» **Your goal**: Every entry is to be transcribed as it stands. Images stay out.

» **Record excerpts**:
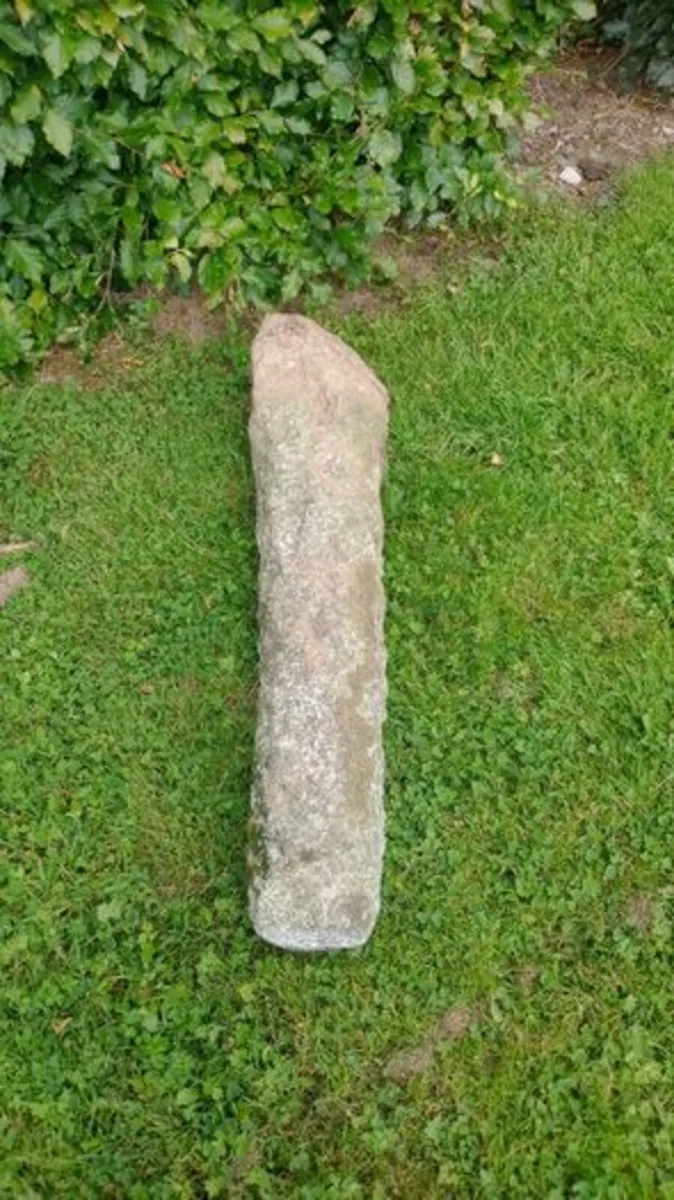 Mushroom Pedestals - Image 1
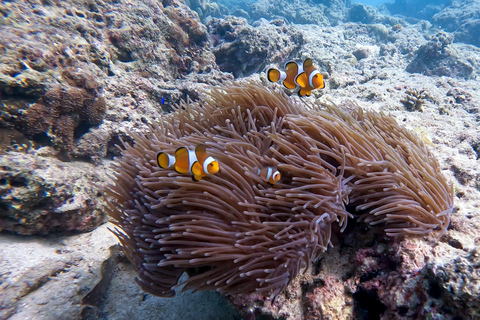 Dykning från fantastiskt korallrev i hjärtat av Phuket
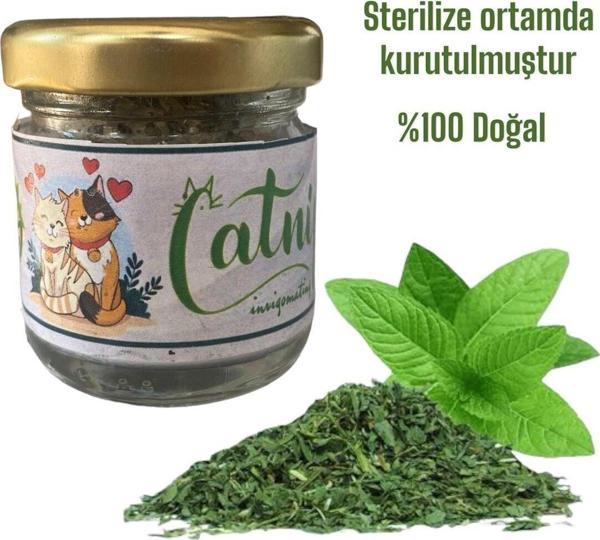 Vet Advice Catnip Kedi Otu Kurutulmuş %100 Doğal Kedi Sakinleştirici - Image 1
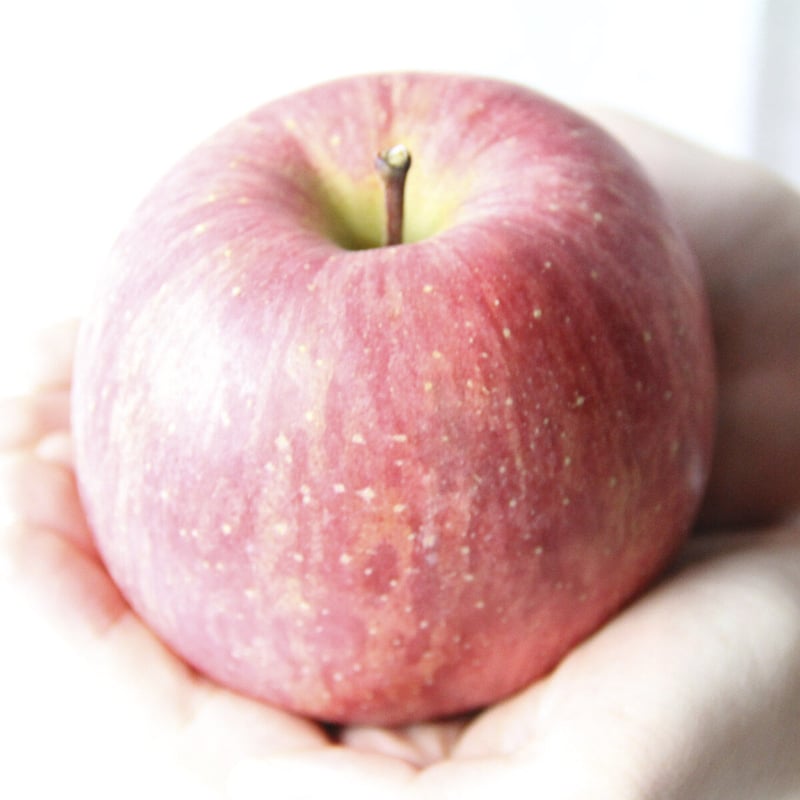 FRUiTS 2010年1月〜11月のセット 2025年販売中☆季節のおまかせフルーツギフトセット◇Mセット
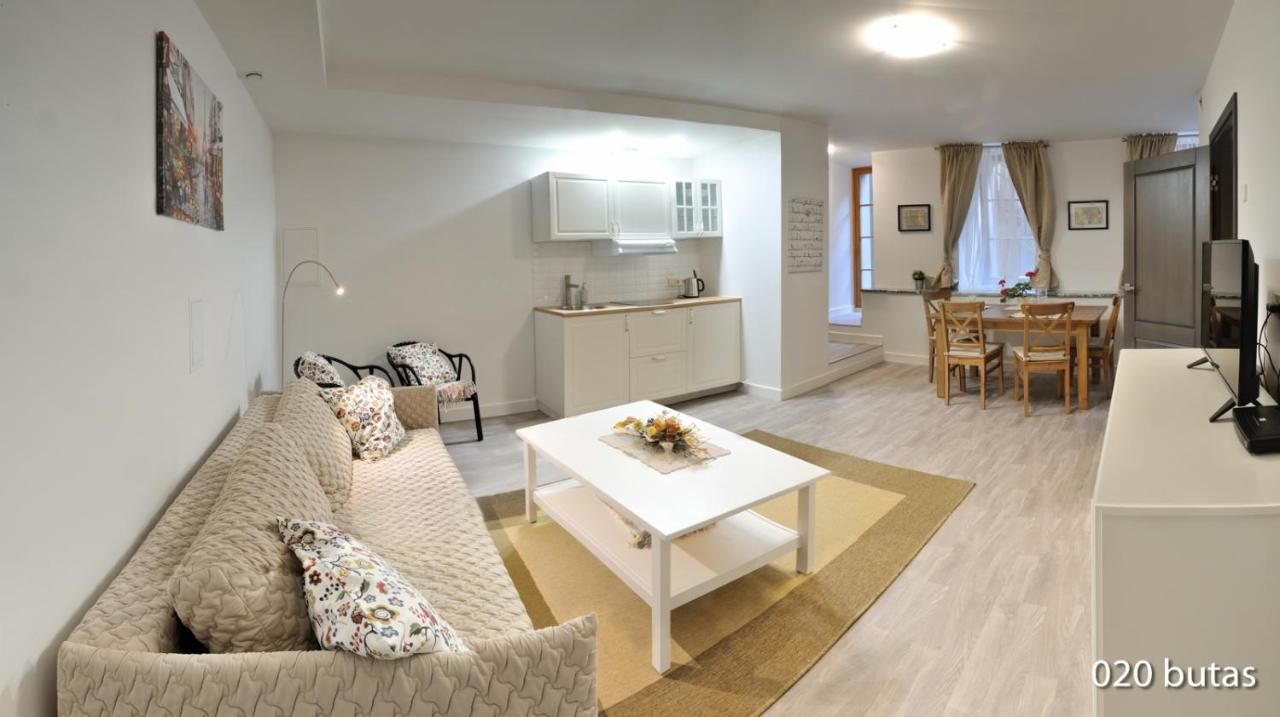 Апартаменты Luxurious apartment Вильнюс-8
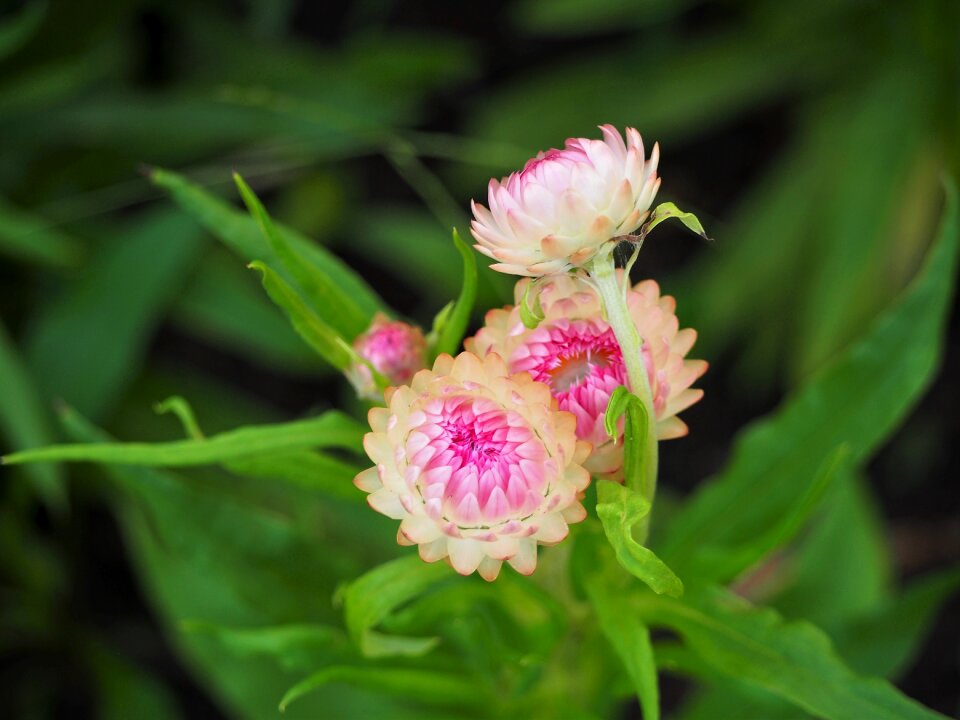 Flower summer garden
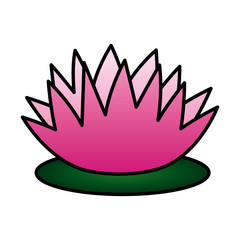 lotus flower decoration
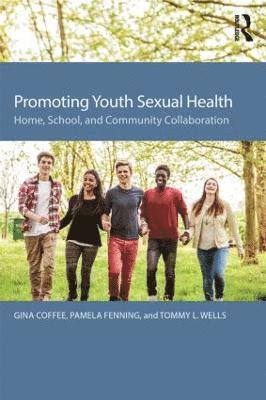 bokomslag Promoting Youth Sexual Health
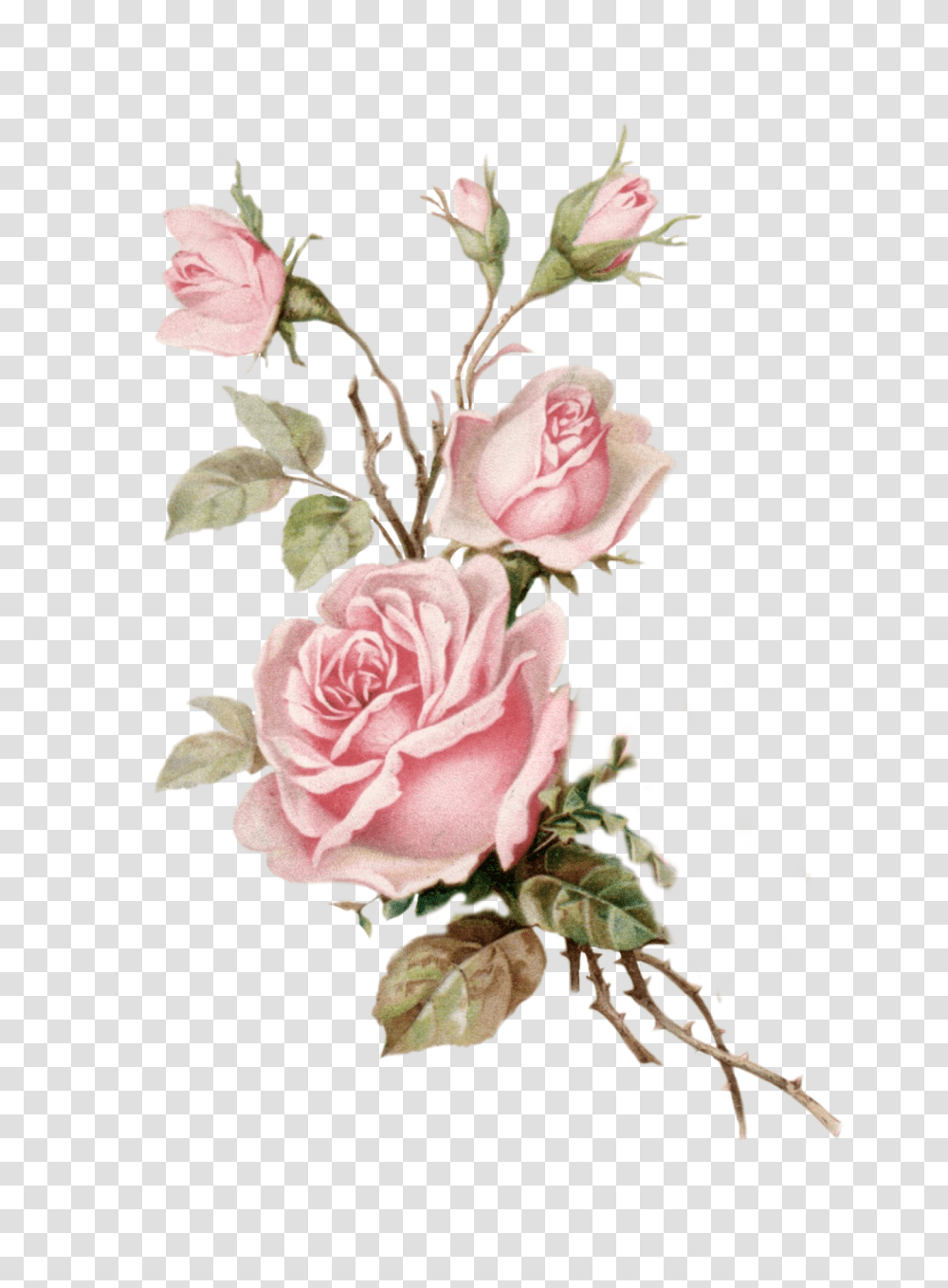 Download Vintage Pink Rose Cut Out Pink Vintage Rose, Floral Design, Pattern, Graphics, Art Transparent Png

» **Reply**:
 Mushroom Pedestals - Image 1
 Dykning från fantastiskt korallrev i hjärtat av Phuket
 Vet Advice Catnip Kedi Otu Kurutulmuş %100 Doğal Kedi Sakinleştirici - Image 1
 FRUiTS 2010年1月〜11月のセット 2025年販売中☆季節のおまかせフルーツギフトセット◇Mセット
 Апартаменты Luxurious apartment Вильнюс-8
 Flower summer garden
 lotus flower decoration
 bokomslag Promoting Youth Sexual Health
 Download Vintage Pink Rose Cut Out Pink Vintage Rose, Floral Design, Pattern, Graphics, Art Transparent Png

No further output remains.